Manmohan Singh has said private conversations should not have been made public. Mrs Gandhi has even promised to write her own book to reply to Mr Singh's charges.
A career diplomat for over three decades, Natwar Singh resigned his job to join politics in the early 1980s and entered the parliament as a Congress MP when Sonia Gandhi's husband, Rajiv, was the prime minister.
By his own admission, he was one of Mrs Gandhi's "closest confidants" until he fell out of favour with her. Mr Singh had to resign as the external affairs minister in December 2006 following allegations that he had benefited from the UN's oil-for-food programme in Iraq.
'A prima donna'
In the book, Mrs Gandhi is described as "deliberately capricious, authoritarian, obsessively secretive and suspicious... She has behaved like a prima donna".
Mr Singh says once it became public knowledge that he was writing a book, Mrs Gandhi and her daughter Priyanka "were so apprehensive about my autobiography touching a raw nerve" that they visited him in May to inquire if the events leading to Mrs Gandhi's decision not to become prime minister would be mentioned in the book.
Mr Singh has claimed that contrary to what was reported by the press in 2004, Sonia Gandhi's decision to not become the prime minister, despite leading her party to victory in the elections, was forced upon her by son Rahul Gandhi.
"Rahul said he was prepared to take any possible step to prevent his mother from taking up the prime ministership... This was no ordinary threat," Mr Singh writes.
Coming from Mr Singh, a close family friend, the charges have fuelled television debates with commentators - depending on their political leanings - either praising Natwar Singh for his "courageous account" or completely dismissing his book as the "rant of a disgruntled insider".
The writer is even less diplomatic in his description of the former prime minister and calls him "a decent though spineless man, who never stands up for his colleagues".
But he acknowledges how Manmohan Singh appointed him the external affairs minister despite "pressures" from the US not to give him the coveted portfolio.

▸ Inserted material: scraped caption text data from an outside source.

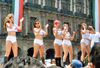 Mexico City: shaking at the Zocalo - dancing girls / Plaza de la Constitucin - photo by M.Torres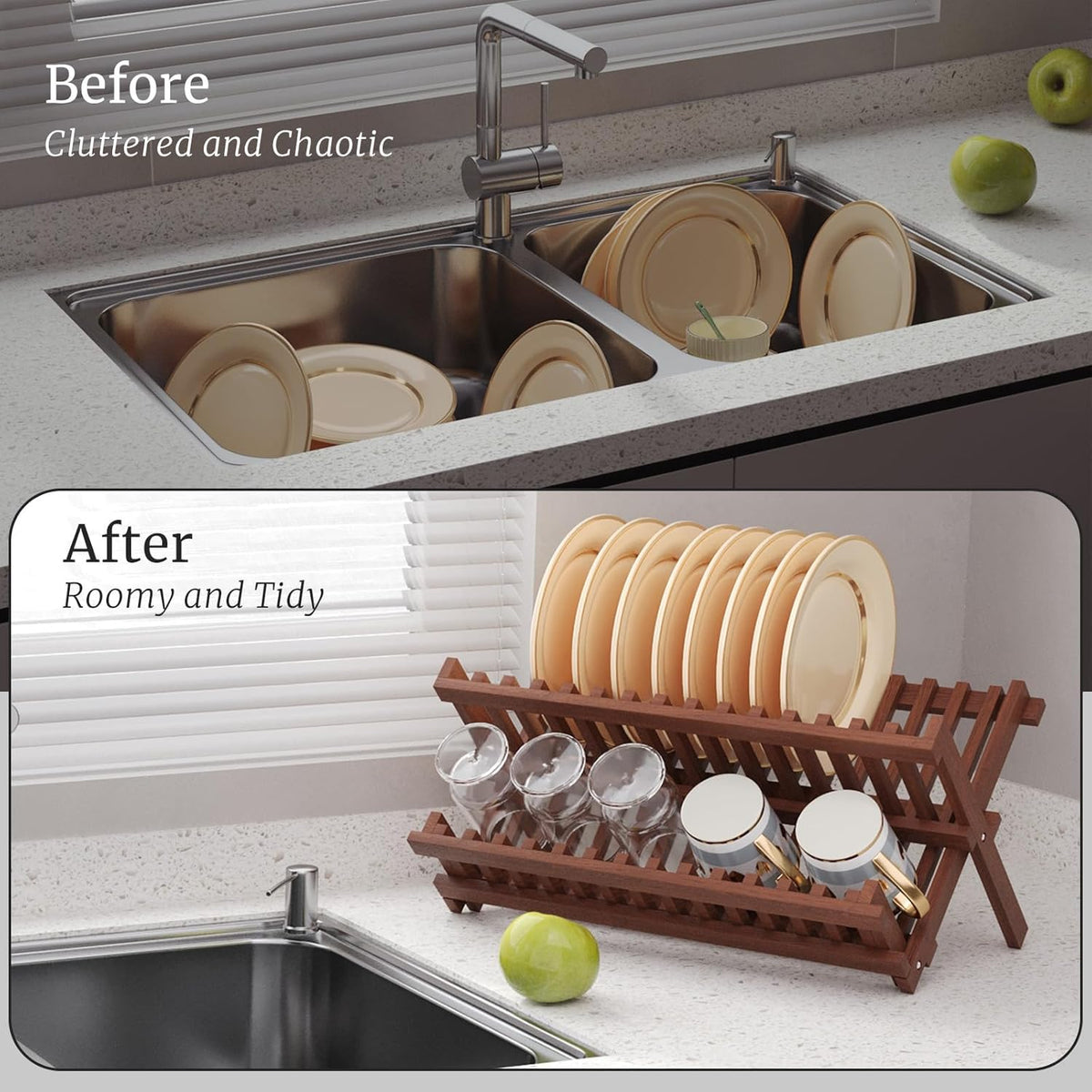 Teak Dish Drying Rack,Folding Collapsible Drainer Plate Organizer Holder for Kitchen,Foldable Spice Rack for Countertop and Cabinet,Pantry Organization and Storage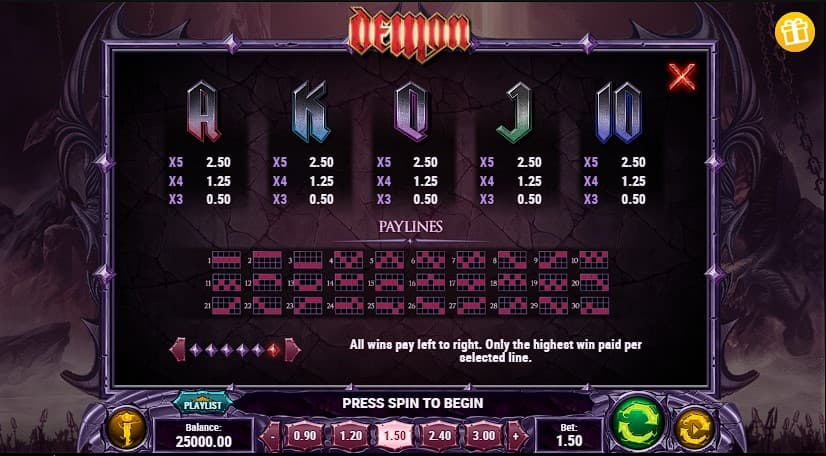 Play Demon Slot Online machine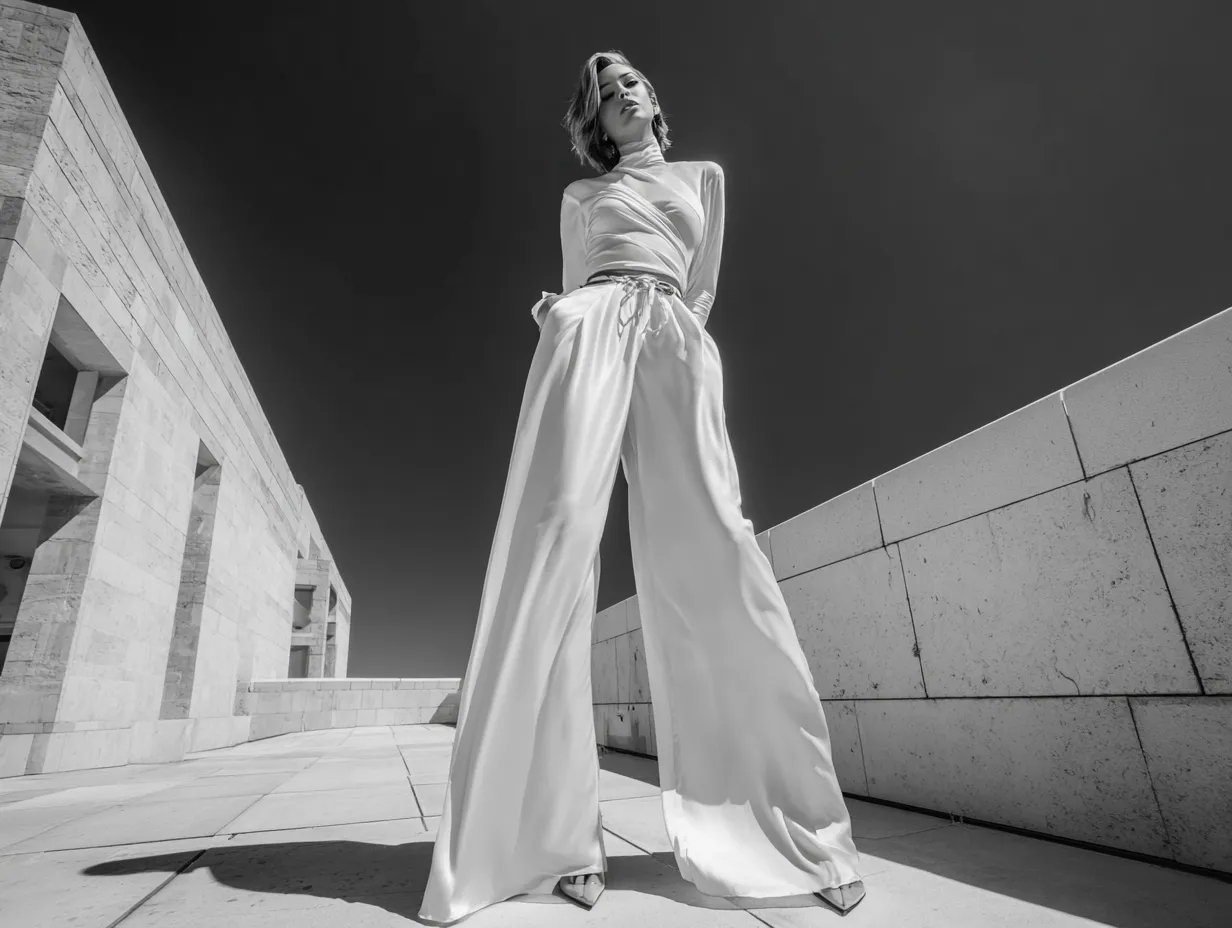High gloss silk wide leg pants photoshoot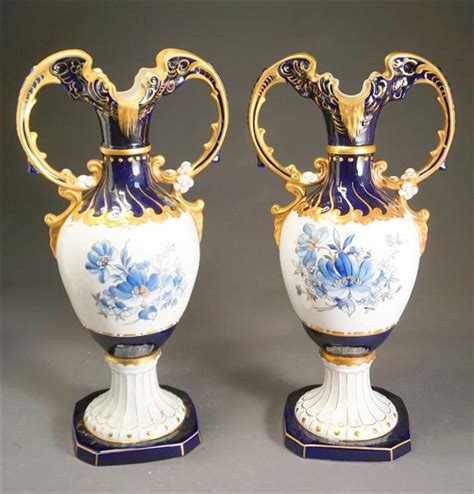 Lot Pair Of Monumental Royal Dux Gilt And Cobalt Decorated Two Handle Vases Height In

"Sonia [Gandhi] told me that she was under great pressure from various quarters, including the Americans, to not appoint me as the external affairs minister," he writes.

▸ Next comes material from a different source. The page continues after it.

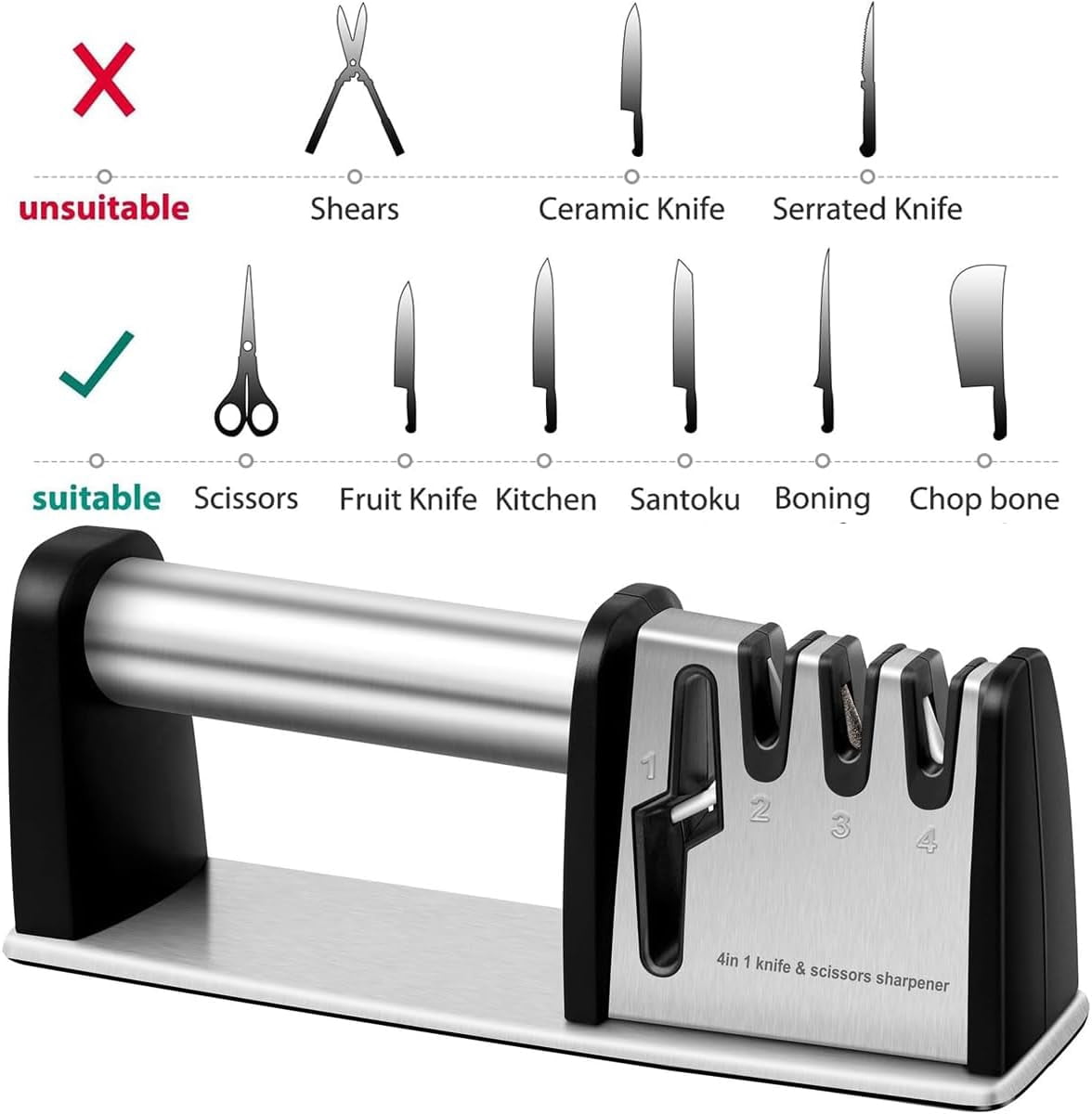 4-in-1 Professional Knife and Scissors Sharpener, Manual Kitchen Sharpening Tool, 8.5 Inch Length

Manmohan Singh was "apprehensive and mentioned how powerful the Americans were and that perhaps they could go to any extent to destabilise certain countries, including India", he added.
Natwar Singh has been a fierce critic of American foreign policy. In a speech in the Indian parliament in 2003, he had attacked the US-led invasion of Iraq.
"People say I am anti-America, but I am not," he told BBC Hindi in an interview. "I am anti-American stupidity."
The octogenarian politician is facing criticism for taking so long to speak his mind but he says he has nothing to lose.
As he summarises his journey in the last lines of his book: "Soon I shall drift out of the harbour on a silent tide beyond the beat of time."